Show him the very basics of how to stand and aim and just let him fling arrows. Obviously make sure and ingrain safety. That is the most important thing. Fun, fun, fun and safety.


----------



## alleycatdad (Aug 15, 2010)

You're right; he needs to hit to be hooked, but the secret at this age is not sighting in, rather, it's getting CLOSE to BIG targets. 5 yds is a long shot for a beginning kid; big balloons make great targets! Get too far back and his arrows won't stick anyway...

Steve


----------



## Just learnin (Sep 20, 2010)

Thanks all,

The trouble now is finding a place to shoot indoors due to cold temps. I found 2-3 places that have indoor abilities local. Having trouble contacting them due to the holiday, but thats to be expected.

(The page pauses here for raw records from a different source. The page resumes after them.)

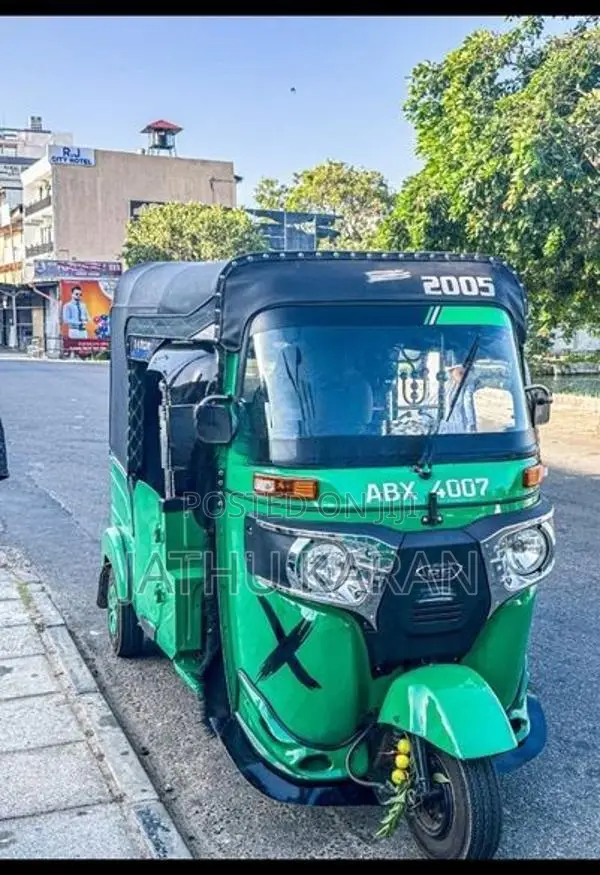 Bajaj RE 2026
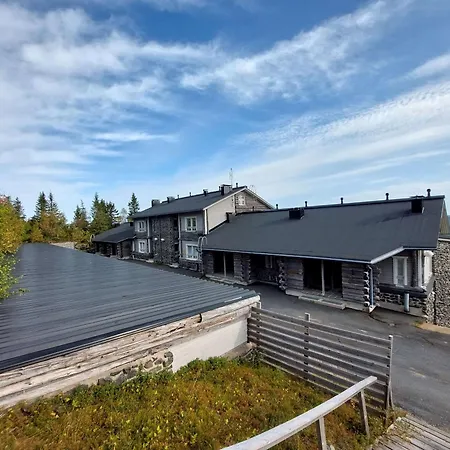 Panorama Apartment *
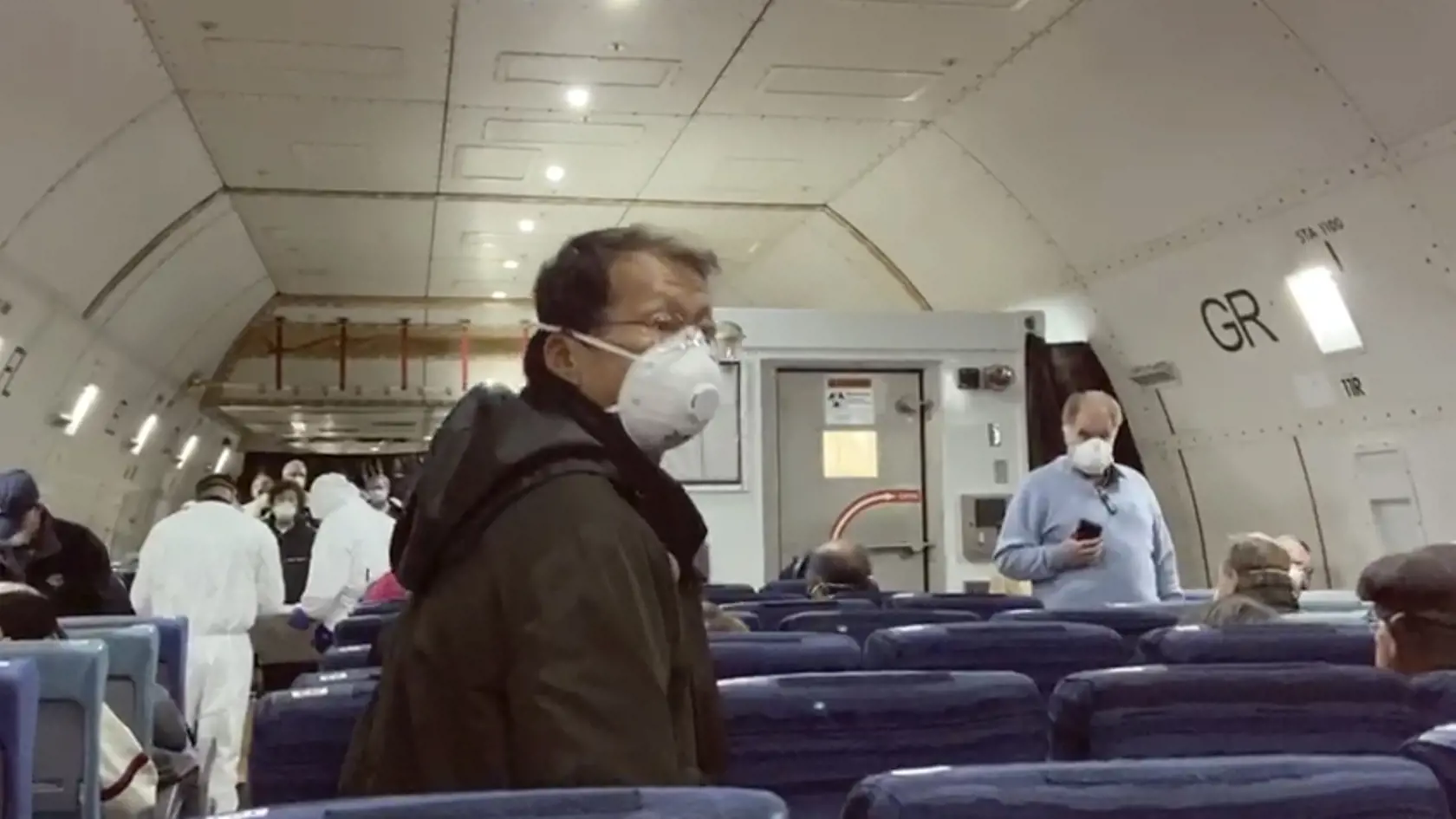 MIK 19 Tokio - Na snímke z videa sú pasažieri z lode Diamond Princess ktorá je od začiatku februára v karanténe v japonskom prístave Jokohama na palube lietadla na letisku Haneda v Tokiu 17. februára 2020. FOTO TASR/AP 
Nákaza novým koronavírusom sa potvrdila u ďalších 99 pasažierov veľkej výletnej lode Diamond Princess (Diamantová princezná)

In this image from a video taken on Monday, Feb. 17, 2020, U.S. passengers who evacuated off the quarantined cruise ship the Diamond Princess, 
board a Ka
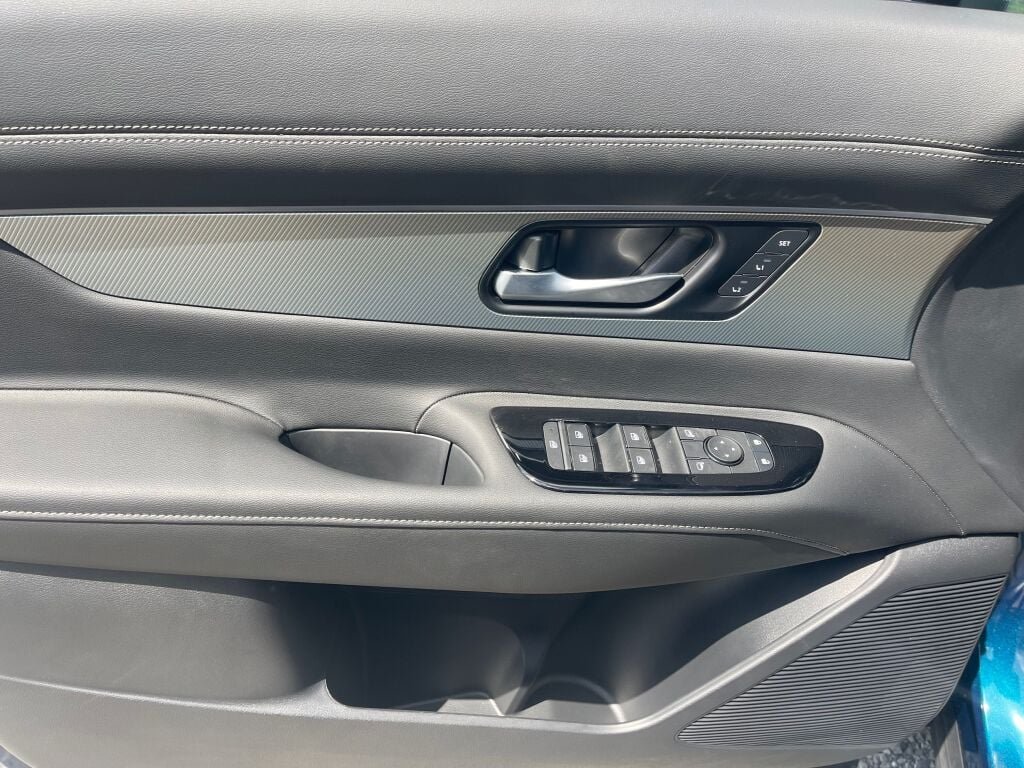 New 2026 Aurora Blue Pearl Metallic Nissan SL image 7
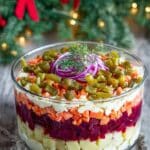 Sałatka warstwowa świąteczna – efektowna i klasyczna 9 Sałatka warstwowa świąteczna
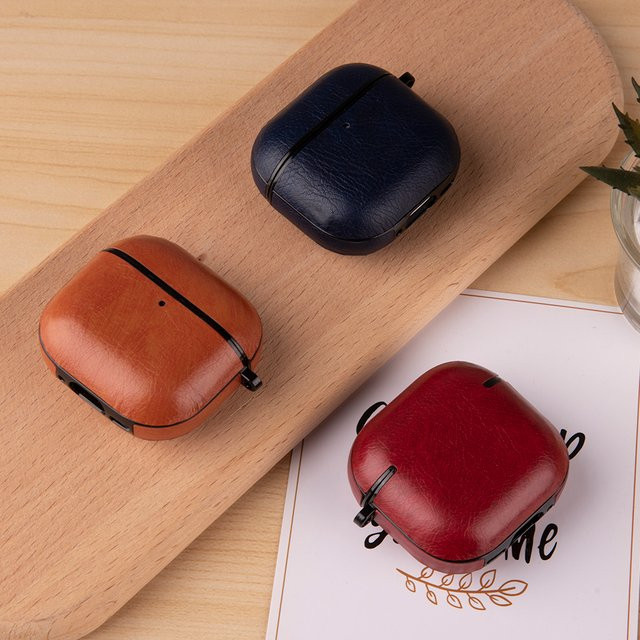 Retro PU Leder Schutzhülle für Apple AirPods 4 (2024 ANC) in Braun inklusive Reiniger-Stift - Bild 1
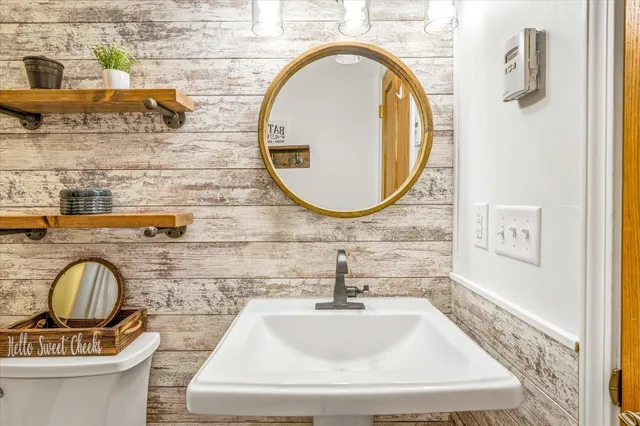 $575,000 | 15085 Square Lake Trail North, Stillwater, MN 55082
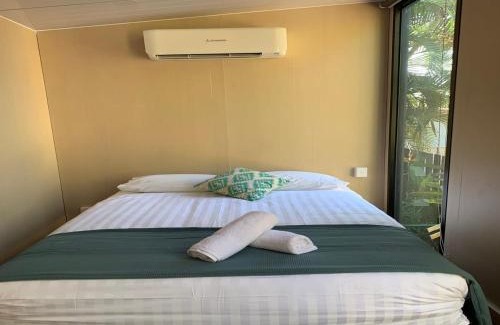 Cardwell House | Cardwell by the Sea by Tiny Away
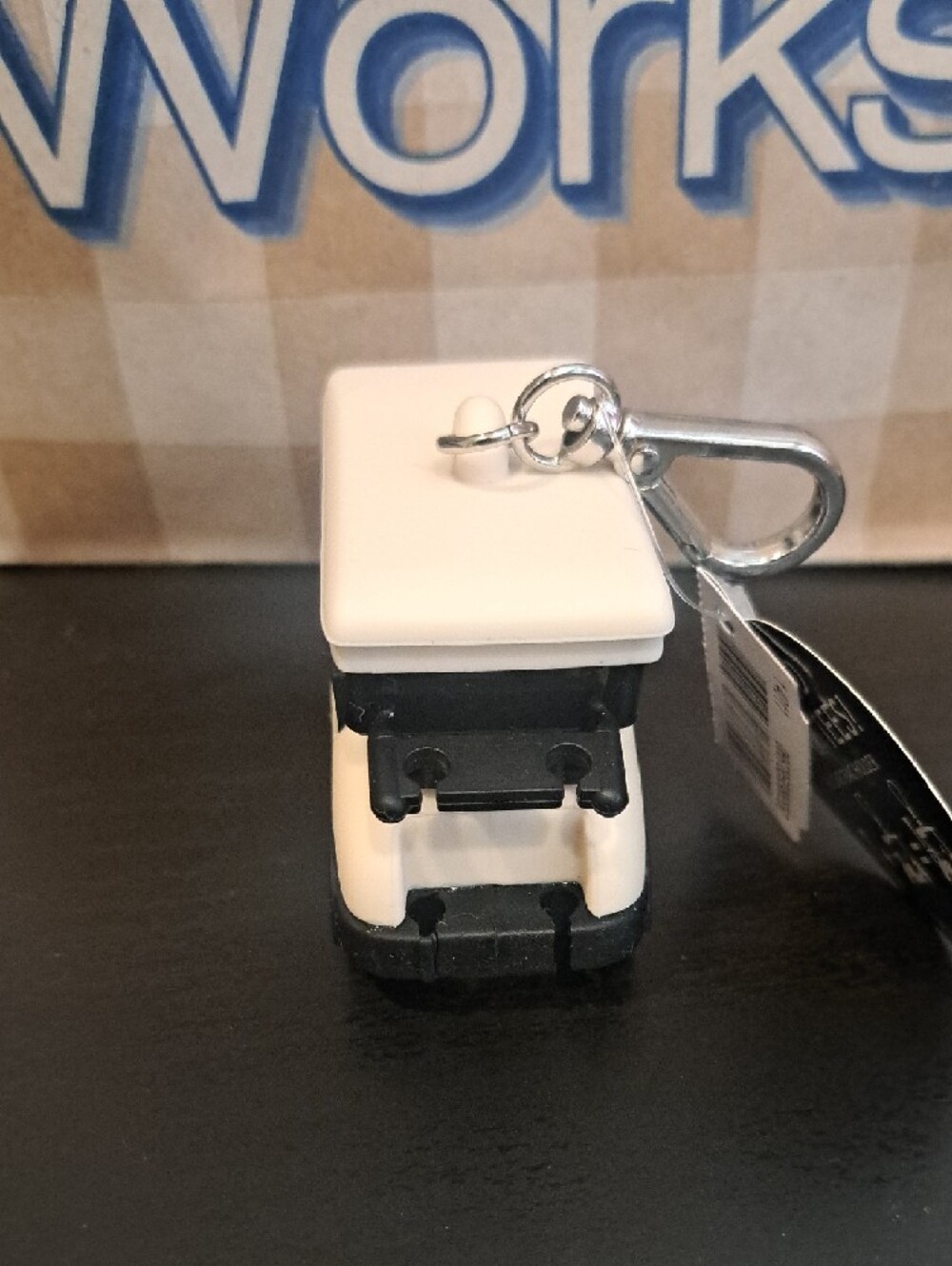 Bath & Body Works Mini Golf Cart Pocketbac Holder - White and Black - Picture 2 of 4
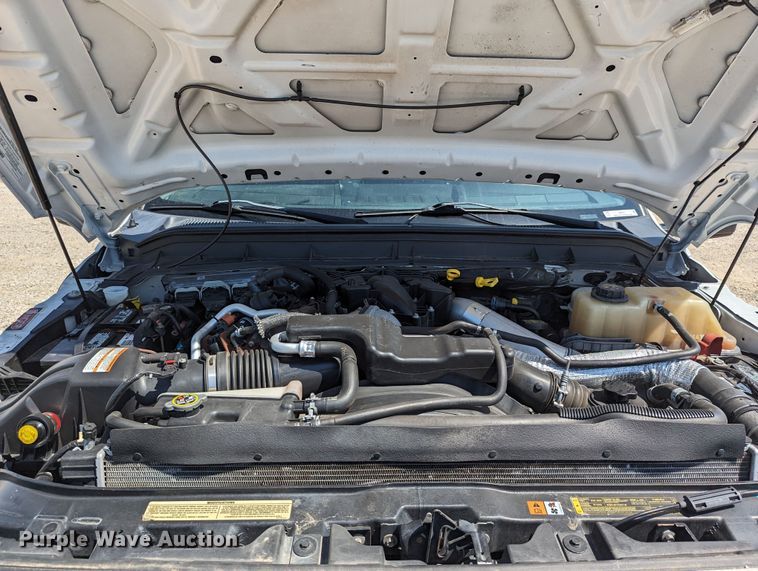 image for item LM9887 2015 Ford F550  Crew Cab utility / service truck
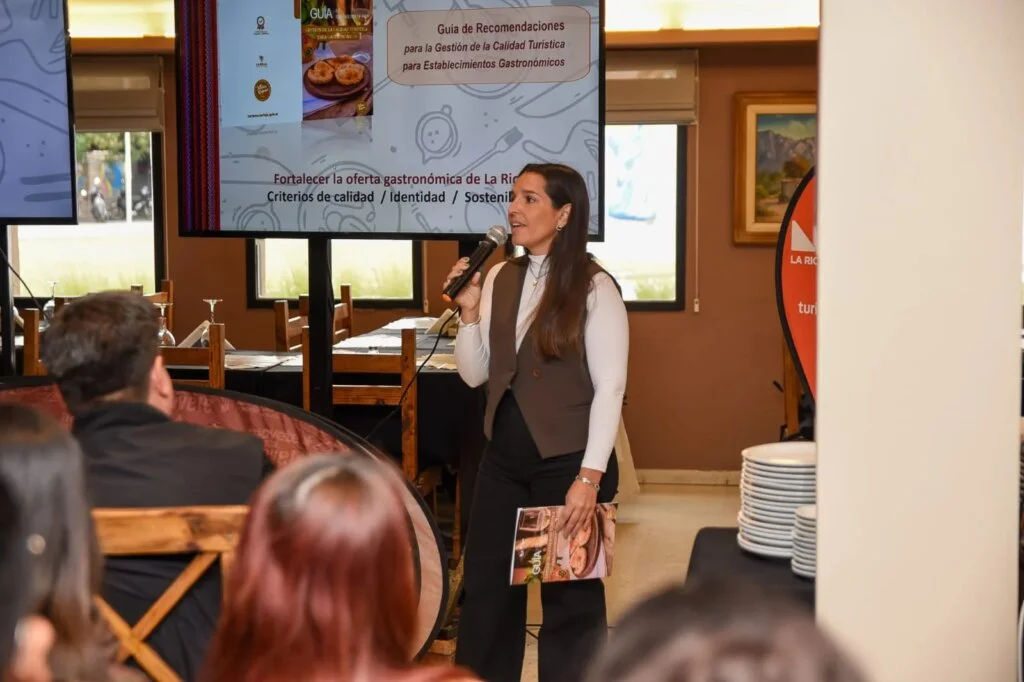 Mejoras en la gastronomía local: nueva guía del Gobierno provincial para chefs y restaurantes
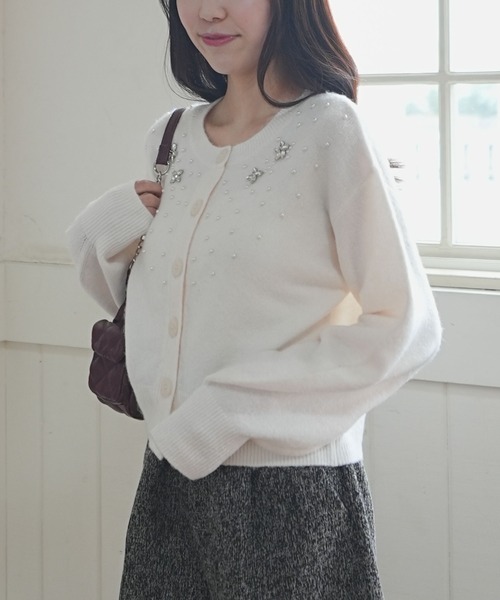 archives（アルシーヴ）の「ビジューニットカーディガン（カーディガン/ボレロ・レディース・アイボリー/ブラック/グレー・MEDIUM）」の6枚目の写真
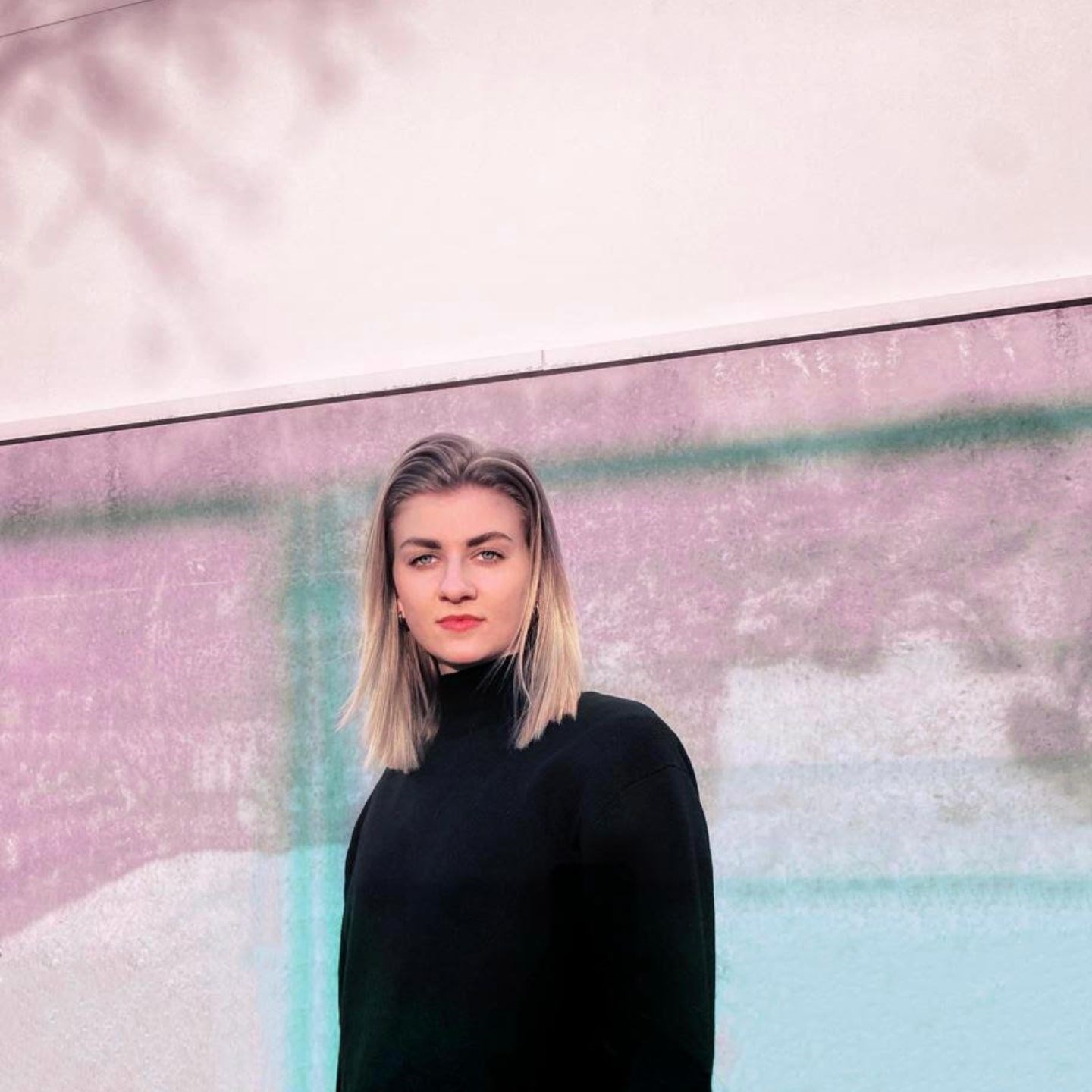 VIVI (DE) · Biography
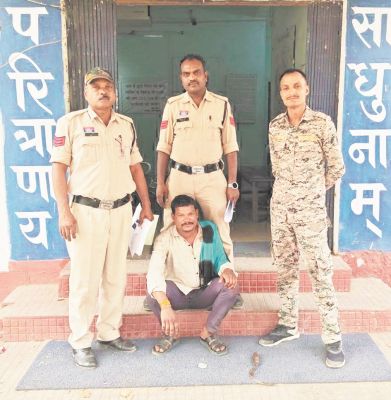 6 वाहनों से 130 टन स्क्रैप और आयरन पेलेट्स बरामद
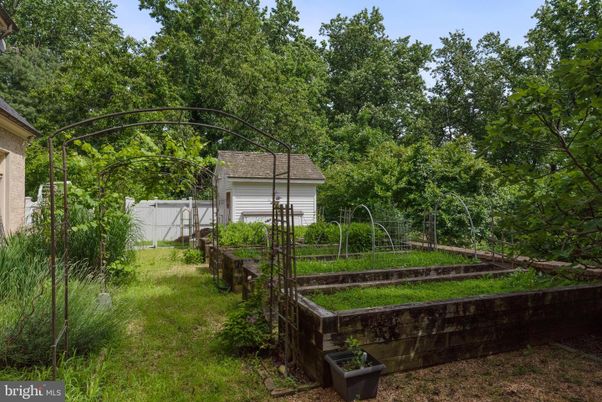 Backyard, Detached Garage, Exterior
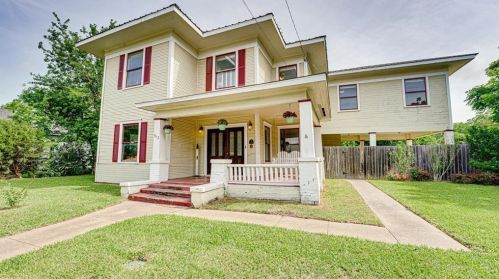613 Marvin Ave, Waxahachie, TX 75165-3407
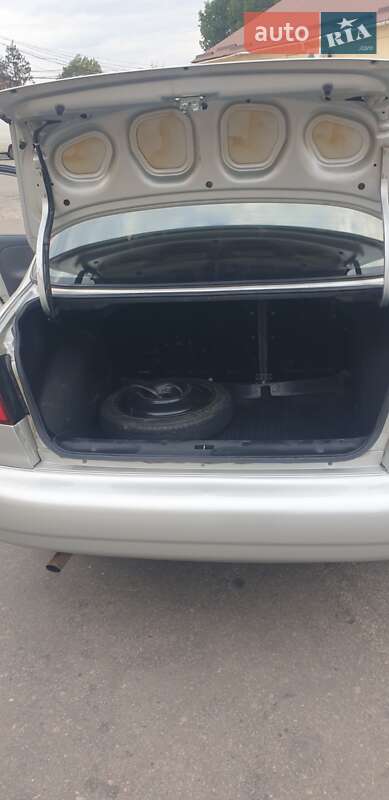 Седан Daewoo Lanos 2005 в Харькове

My basement is just not organized enough and to small to shoot in also. Plus I like the idea of going out and getting away from all the girls at home, my boy and I are outnumbered 2/4 lol. This way it's some good father/son time.

Charlie


----------



## alleycatdad (Aug 15, 2010)

We shoot in the basement at three and fiv e yards all the time. We can get to ten down there, but my youngest one shoots close and loves it!

Steve


----------



## Just learnin (Sep 20, 2010)

The first real shoot went very well!! He shot on and off for about 3hrs. Popped a couple balloons I brought and that got a big smile!! I kept asking if he was tired and of course "NO Dad, I'm fine lets shoot some more". I purchased some youth arrows for him and it made a big difference from the stock ones. When the owner asked if we wanted to shoot in the wed night youth league his little eyes lit right up. So I guess my wed nights will be shooting at the club. What have I done!!! LOL.


----------



## alleycatdad (Aug 15, 2010)

Go spend $10 at wally world on a box of clay targets and see what happens...

S


----------